I brought my instax along and very much enjoyed all my consistently crappy shots. It's like a skill to do this that badly. If it wasn't over exposed it was under exposed and some of the time they just came out black. Fun.

Seagull Story Time: On the walk over to meet the boys at the beach, my mom + I picked up a few cookies from the local coffee shop. Once we got settled, here comes this turkey, waltzing right up like he was going to be cute, before sneakily grabbing the cookies from my bag in his beak--the whole stack of them!-- and then flying off over the water AS IF he even knew what to do with those things once he got inside the saran wrap. I sprinted after him with my arms waving, all, "oh no you don't!" until he dropped the suckers + flew off + I realized the entire beach was staring at me.

But the cookies were worth it. 


Oh come onnnnnnn.

I want to be this guy when I grow up. 

And I want to live in that shack.

And I want to kiss that grouchface on the cheek.

All this gorgeous scenery gave me such a jonesing for a trip up to Prince Edward Island. Wouldn't an Anne of Green Gables pilgrimage be the only thing that could improve upon this view?
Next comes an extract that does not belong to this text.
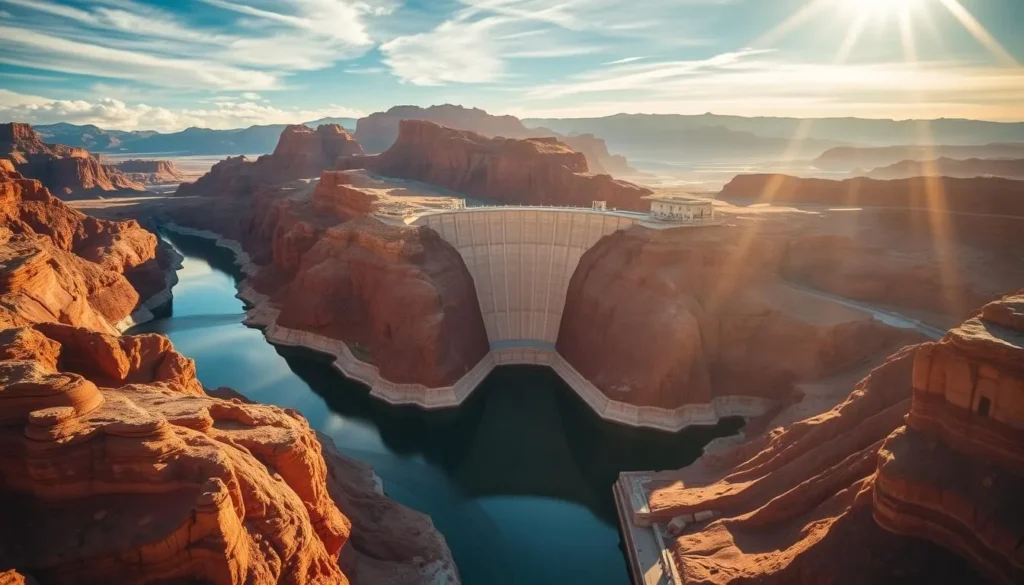 A stunning aerial view of the iconic Glen Canyon Dam, nestled amidst the rugged desert landscape of northern Arizona. The towering concrete structure stands tall, its imposing silhouette reflected in the crystal-clear waters of Lake Powell below. Warm sunlight filters through wispy clouds, casting a soft, golden glow over the scene. In the distance, the surrounding sandstone cliffs and canyons create a breathtaking backdrop, highlighting the natural beauty that surrounds this engineering marvel. The image conveys a sense of tranquility and awe, inviting the viewer to explore the captivating wonder of this remarkable location.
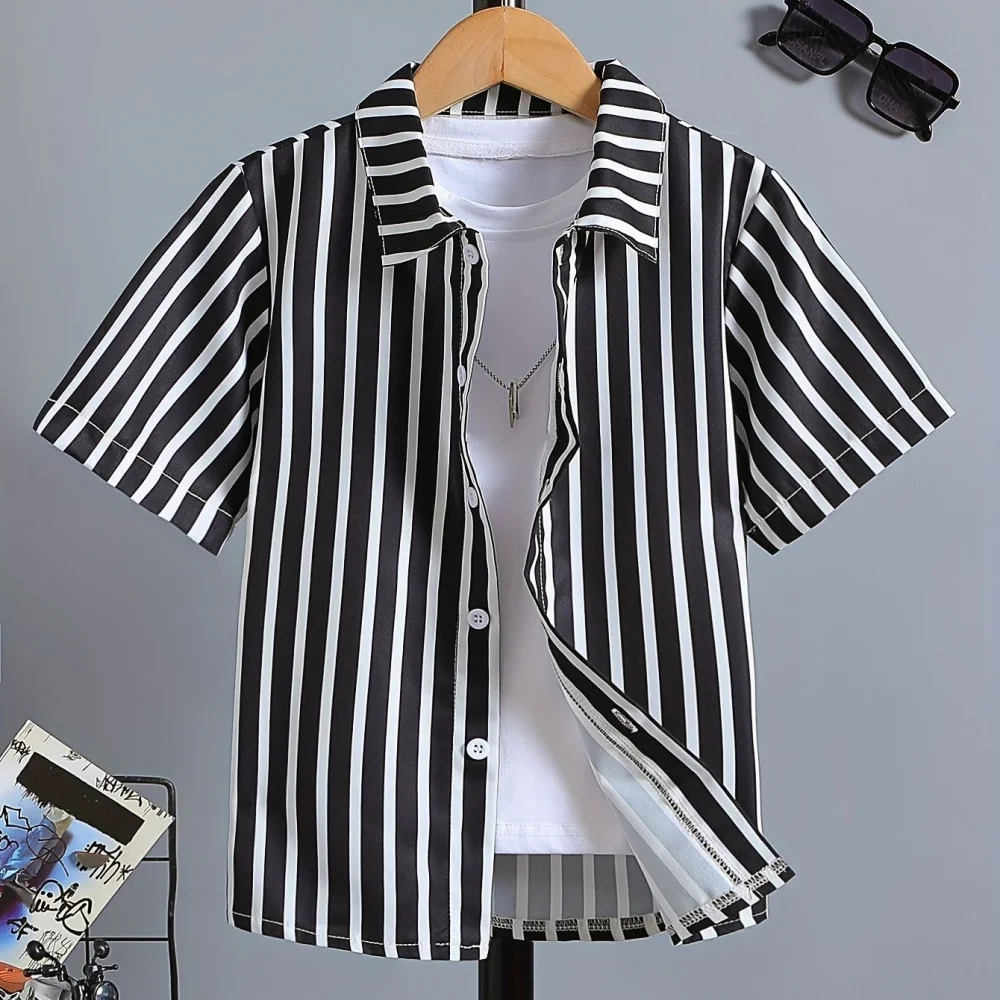 Camisa para niños, camisas de verano con estampado 3D de rayas blancas y negras, Tops informales con solapa a la moda, ropa cómoda de calle para niños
I sincerely think that is going to have to happen. 


This water was frigid.

But we enjoyed it anyway.

Gross! ;)

We all got fully soaked + sandy + salty. It was absolutely perfect.


Too busy seeing the lighthouses to remember to see the actual city? Good work, us.

Brandon was up before the crack every morning to investigate the lighthouses + capture these ridiculous photos of the day's first sun. 

We rational people had our explorer take us to his favorite spots a few hours later :). Sunrise appreciators, us Lovins. Not partakers. 


The End.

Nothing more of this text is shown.